So, why a final girl instead of a final boy? Well, why not ask the filmmakers themselves? As luck would have it, Clover actually quotes Brian De Palma about that very topic, of which he said: “women in peril work better in the suspense genre…if you have a haunted house and you have a woman walking around with a candelabrum, you fear more for her than you would for a husky man” (p.42). Pretty straightforward, right? Apparently not, as Clover “clarifies” this statement by saying that what De Palma is actually proposing is that “the lack of the phallus, for Lacan the privileged signifier of the symbolic order, is itself horrifying, at least in the mind of the male observer”. I don’t know who this Lacan guy is, but it sounds like he takes his cock a little too seriously. Either way, I thought I had this argument pegged, that a female character traditionally elicits more sympathy than a male character when placed in a dangerous situation for the following reasons: Men tend to be physically stronger than women, a male character in a story is more traditionally heroic than a female character (especially thirty years ago), and, simply, people are more used to sympathizing with a female in peril than a man in peril when watching a movie.
Turns out I was wrong folks. Apparently, I become afraid when watching a movie where a woman was put in peril, not because she held my sympathies and I worried for her survival, but rather…because she doesn’t have a penis. The threat is not a factor, and the narrative is basically irrelevant. If I watch a movie where a woman is just sitting there doing nothing, my subconscious will scream out “OH MY GOD OH MY GOD THAT GUY DOESN’T HAVE A DICK SO HE MUST NOT BE A GUY I DON’T KNOW WHAT HE IS I AM SCARED!!!” Really?!? Really?!? Are you kidding me?!? Based on that logic, watching 90 minutes of footage of the Sex and the City ladies having dinner should be the scariest movie ever made. Actually, that’s a pretty good idea. That should be the next Saw movie. Just advertise it as Saw 8 or 9 (whatever number they’re up to by now) and throw that shit up on the screen instead. You know, that does sound pretty fucking horrifing now that I think about it. Anyway, let’s put this simply: if you cast John Rambo as the final girl in a Friday the 13th movie, it’s not going to work. Watching the movie, you know that, in the end, Rambo is gonna lay waste to Voorhees, so there is no suspense created. It’s really not the most obtuse thing in the world.
The above paragraph also sets up the idea that, in the slasher film, the gender of the hero and the victim is determined not by gender (that was my first guess), but rather, by whether or not they carry certain masculine or feminine traits.
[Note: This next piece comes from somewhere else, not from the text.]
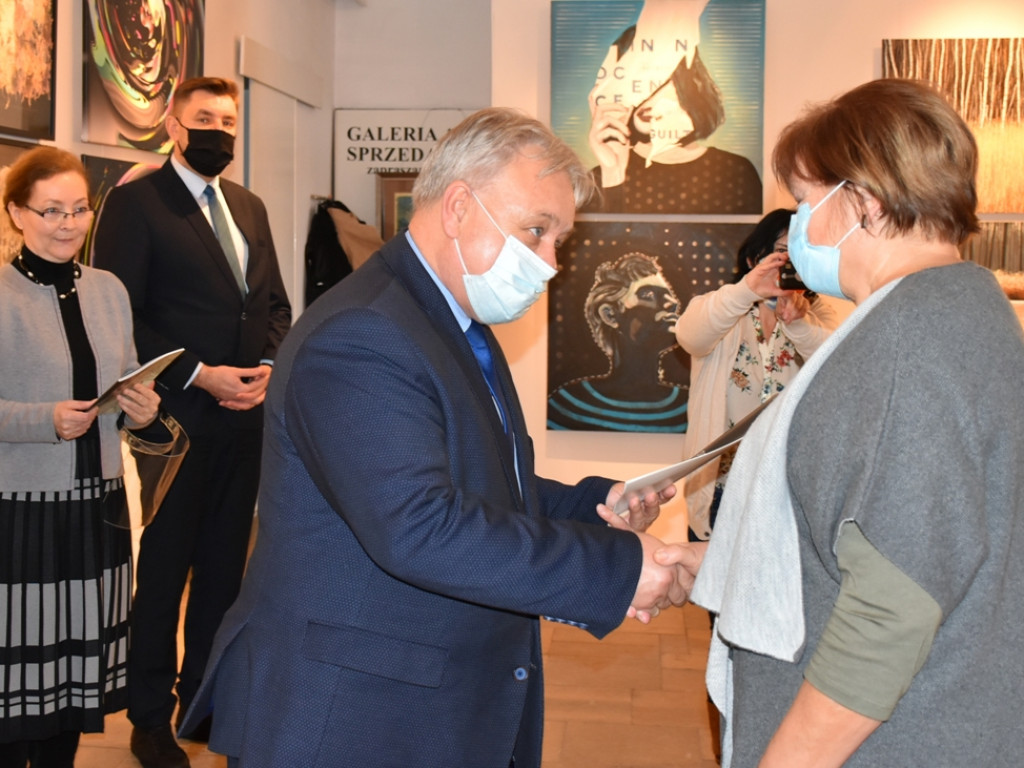 Twórcy porównani i nagrodzeni. Biuro Wystaw Artystycznych w Sandomierzu podsumowało doroczny konkurs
So, how did these traits become “masculinised” or “feminized”? By being aligned with males or females, of course. It is tradition that the character that springs into action and defeats the monster is male, so this is a masculine action. When a female performs this action, she is supposedly no longer female, because she is performing a masculine action. So, the “final girl” is a victim early on in a slasher film, and therefore, female. As she turns the tables and defeats the killer, she becomes male (in effect). Got that?
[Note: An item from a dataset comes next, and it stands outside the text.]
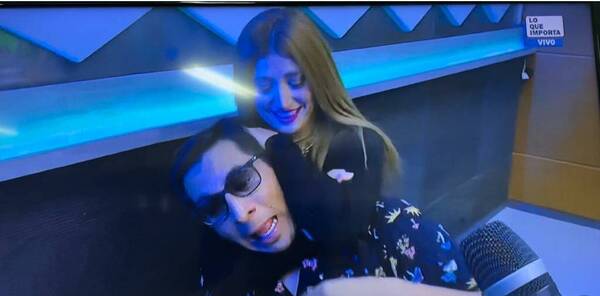 Kathy Diquinto le aplicó un "mataleón" a Clari Arias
Well, why bother joining these two distinctions at the hip? We understand the difference between male and female, and the difference between hero, victim, and villain. We can simply point out that slasher films break the trend of having a male hero destroy a monster and pat the genre on the back for being “progressive” in a small way. Perhaps inadvertently, Clover wants to deny even this to the female hero, forcing her to be read as male because previous heroes were mostly male. Why bother? Well, to force this dynamic into her major thesis, of course. She states that the final girl is a “double for the adolescent male…a homoerotic stand-in”. In other words, some masked nutbar is trying to stab the final girl with a phallic symbol (of course, in a Freudian piece, you knew this was going to come up at some point), and the “marginal” male horror fan with the marginal mind empathizes with this female hero, not realizing THAT SHE IS ACTUALLY A MAN! Holy shit.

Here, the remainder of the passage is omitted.